Da direita à esquerda, passando pelo centrão, Vorcaro tinha acesso a poderosos como Ciro Nogueira (PP-PI), Ibaneis Rocha (MDB), Ricardo Lewandowski — ex-membro do comitê consultivo estratégico do banco antes de ser ministro da Justiça — e o ex-ministro da Fazenda Guido Mantega.
Com tanta influência em Brasília, é de se suspeitar que o projeto de lei (PL) quase aprovado na Câmara dos Deputados, que permitia a parlamentares destituírem diretores do Banco Central, tivesse as digitais de Vorcaro. Coincidentemente, o regime de urgência do PL, articulado pelo centrão, aconteceu pouco antes da liquidação extrajudicial do Master pelo Banco Central. Felizmente, a matéria não avançou.
Além de conexões políticas, o banqueiro contava com uma banca de influentes advogados, aqueles com acesso ao STF. Entre eles, o escritório da esposa do ministro Alexandre de Moraes, Barci de Moraes.
Com tanto poder e trânsito em Brasília, Vorcaro se tornou bilionário. Levava uma vida luxuosa, caracterizada por carros de luxo, aviões particulares, uma mansão de US$ 37 milhões em Orlando e uma casa em Trancoso avaliada em R$ 280 milhões.

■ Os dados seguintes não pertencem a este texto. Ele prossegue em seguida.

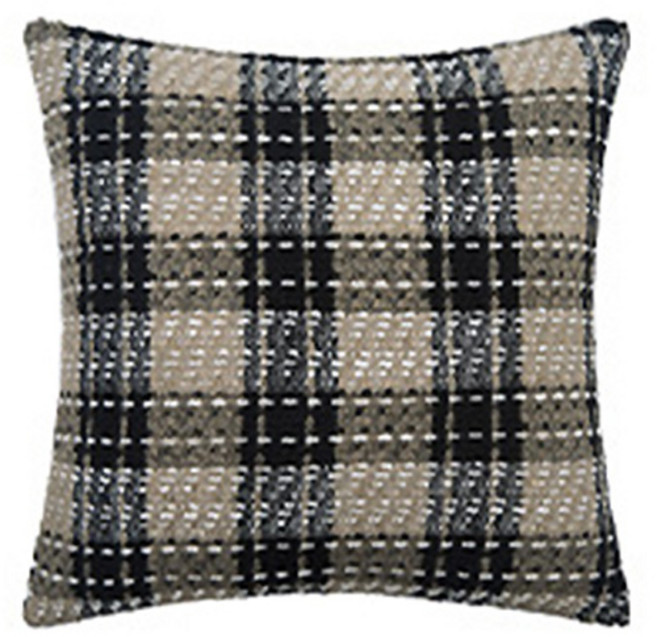 홈플로우 럭셔리 자카드체크 홈데코 쿠션 커버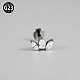 Серьги g23 из титана с микропаве из кубического циркония для хряща WG0CACB-05-1
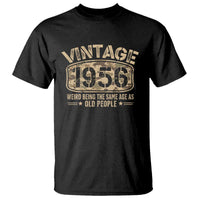 70th Birthday Gift For Men T Shirt Retro Camo 1956 Weird Being The Same Age As Old People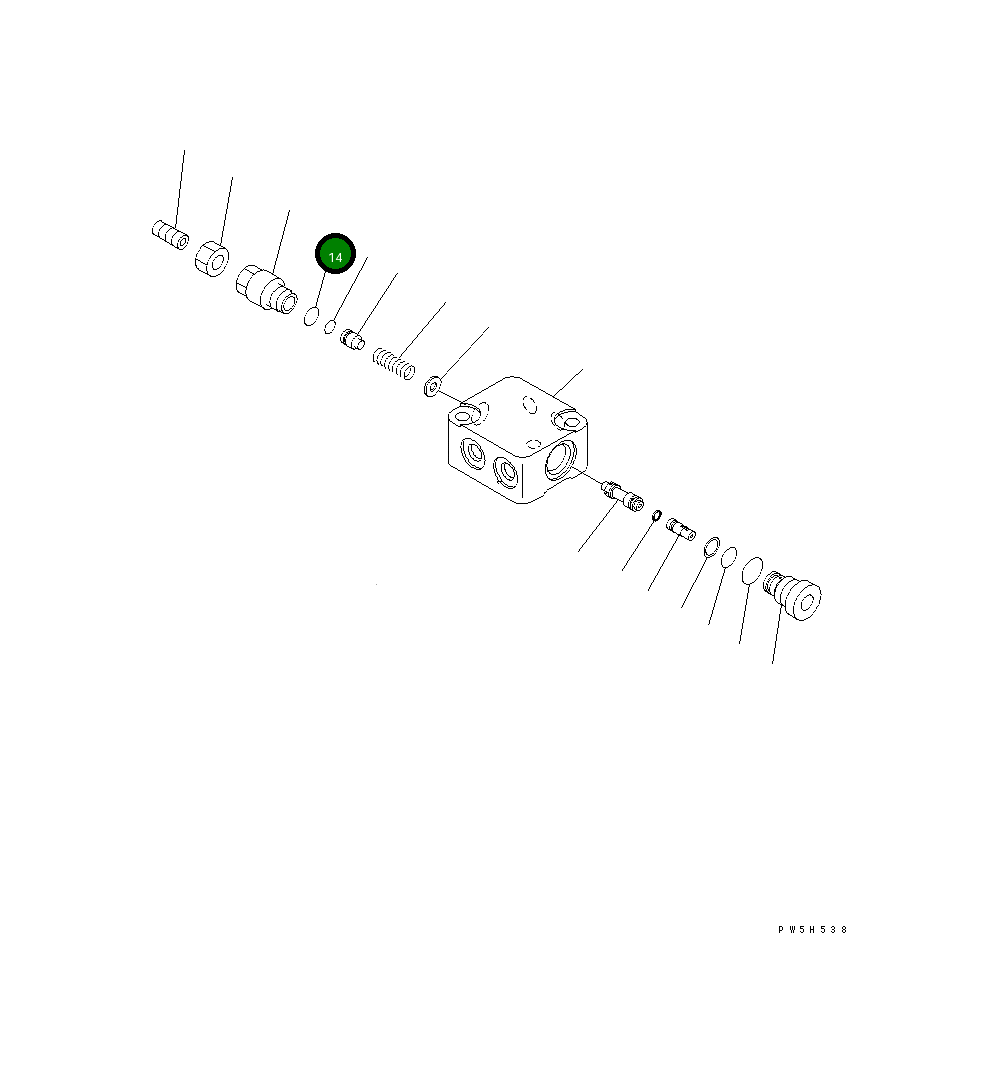 Кольцо уплотнительное (O-Ring) 708-2L-24910 Komatsu
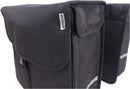 Dubbele fietstas Edge Luxe Shopper 40 liter 38 x 40 x 14cm (2x) - zwart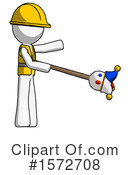 White Design Mascot Clipart #1572708 by Leo Blanchette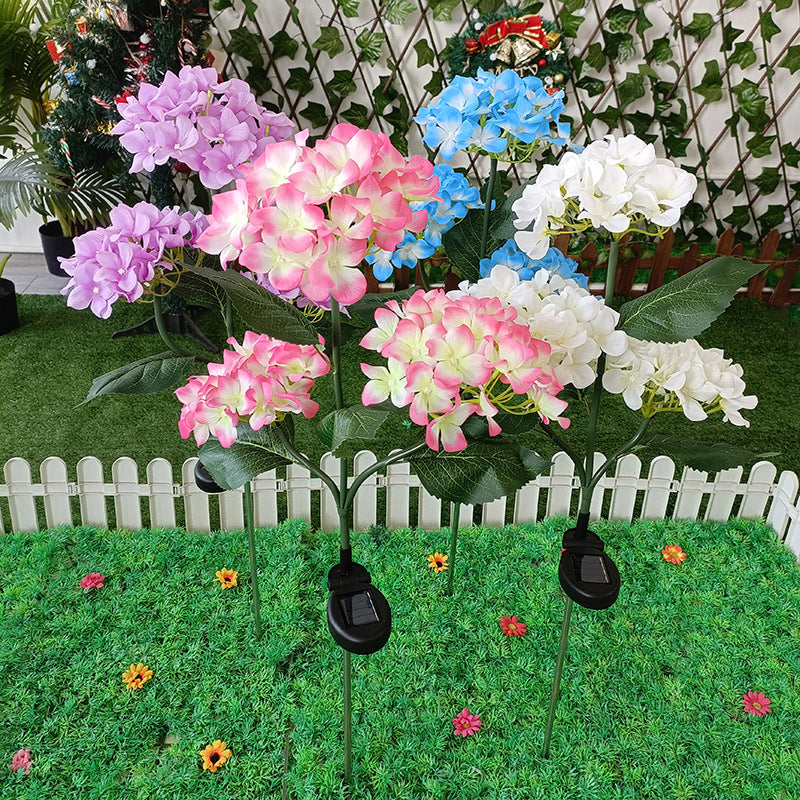 Solar Hydrangea Flower Lights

No entanto, essa vida luxuosa não veio de sua produtividade e capacidade de inovação, como Elon Musk, Jeff Bezos, Bill Gates ou o falecido Steve Jobs, mas de um negócio que prejudicou muita gente — de pessoas físicas a governos, passando pelos cotistas de fundos de pensão.
Só há um caminho para diminuir essa perversidade brasileira, sem que surjam novos “Masters” ou empreiteiras corruptas descobertas pela famigerada Lava Jato: o aperfeiçoamento institucional, com independência técnica e operacional de órgãos de Estado (Receita Federal, Bacen, Polícia Federal, entre outros) e a diminuição do tamanho do governo.
Dessa maneira, seria possível migrar do capitalismo de compadrio, que gera desigualdades ao enriquecer poucos às custas de corrupção e prejuízos de muitos, para o capitalismo clássico, que tira pessoas da pobreza ao premiar a eficiência, a inovação, a produtividade e a meritocracia.